Mildly Anxious Beasts is both the name of the show and the title of an installation. The ambiguity of the oxymoron, “mildly anxious”, and the mix of psychology and animality in the title, show that bestiality can be in men’s heads as much as beasts can be anthropomorphised in our culture. Is toxicity, madness, or an affect such as anxiety, something human? In the end, the visitor is the one connecting the works together, but also acknowledging the fragmentation of a postmodern world where soul and body, the normal and the abnormal, are disjointed.

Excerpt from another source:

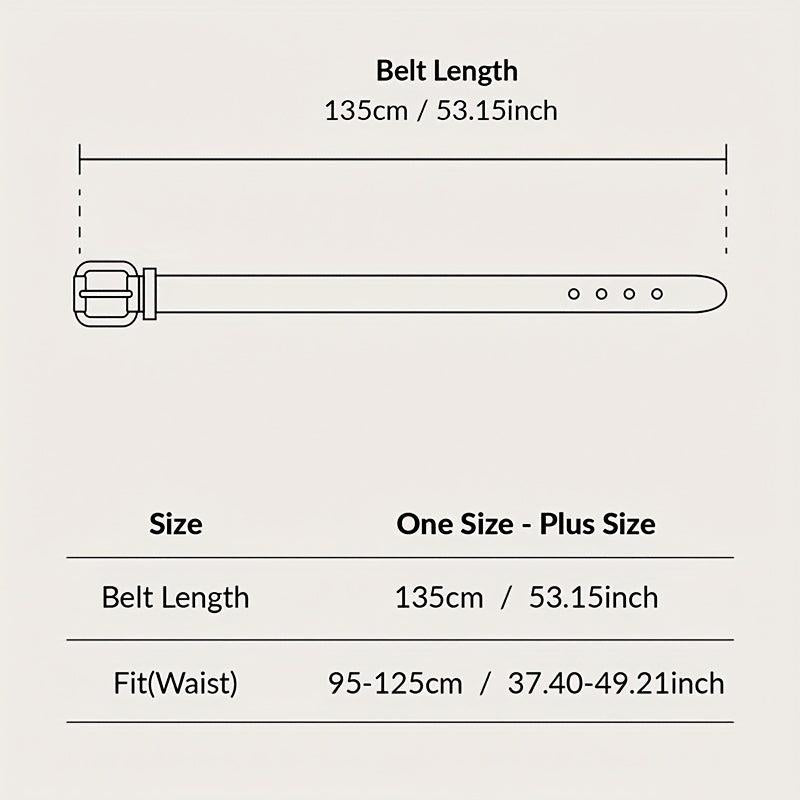 Wide Coat Belt Square Buckle PU Belt Casual Dress Girdle Waistband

Daniel Silva works with installations that are driven by materiality and informed by nature. Perception and contemplation play an integral role in forming a cohesion that is not led by a fixed narrative. Among the materials used by Silva are beeswax, magnets, charcoal, metal and wood, all fundamental in delivering an orchestrated interplay of emotive and referential cues.
“As a shifting, malleable substance, beeswax is central to Silva’s practice. Reflecting an interest in how a material will represent its environment, he indicates that wax produced by a given bee colony will display the characteristics and qualities of its surroundings: the flowers, season and weather conditions present when the wax was produced. As a result, beeswax is framed as the product of the swarm’s ecological relationships, the emergent result of the organization of a singular body composed by a multitude. Silva’s interest in the product of a swarm organism is echoed by his intuition towards a conception of the lived experience as a multiplicity of sensory modalities — one where sight is not privileged over touch, smell, taste or hearing.”